Irish military commander (1611–1660)

Hugh Dubh O'Neill, 5th Earl of Tyrone ("Black Hugh", meaning "black-haired" or "dark tempered") (1611–1660) was an Irish soldier of the 17th century. He is best known for his participation in the Irish Confederate Wars and in particular his defence of Clonmel in 1650.

O'Neill was a member of the O'Neill dynasty, the leaders of which left Ireland in the flight of the Earls in 1607. Hugh Dubh's father, Art Óg O'Neill, was among those exiles who made careers for themselves in the Spanish Army of Flanders. Hugh Dubh was, as a result, born in Brussels in 1611 and grew up in the Irish military community there, becoming a professional soldier and serving in the Irish regiment of the Spanish army in Flanders during the Eighty Years' War against the United Provinces of the Netherlands.

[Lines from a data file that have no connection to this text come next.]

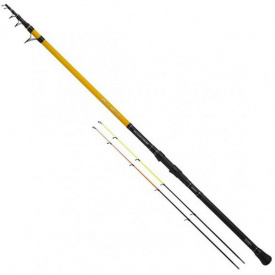 Удилище лодочное Shimano Beastmaster CX TE Boat Quiver 3.00/3.60m max 300g (1013-2266.31.46)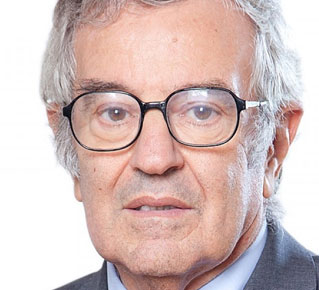 Prof. Doutor Manuel Lopes Porto
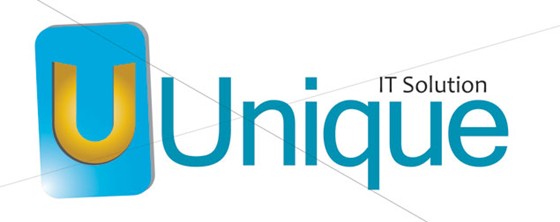 Logo : Unique Creation 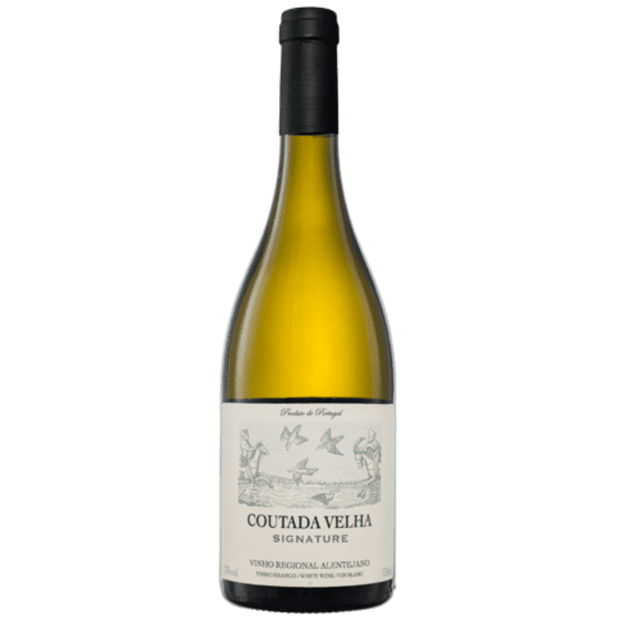 Vinha da Coutada Velha - Signature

In 1642, his uncle, Owen Roe O'Neill, organised the return of 300 Irish officers in the Spanish service to Ireland to support the Irish Rebellion of 1641. O'Neill's men became the nucleus of the Ulster army of Confederate Ireland - a de facto independent Irish state. Hugh Dubh was captured early in the war by Scottish Covenanter enemies, but was exchanged back to his own side after the Confederate victory at the Battle of Benburb in 1646. He subsequently rose to prominence after the death of his commander, Owen Roe O'Neill, in 1649.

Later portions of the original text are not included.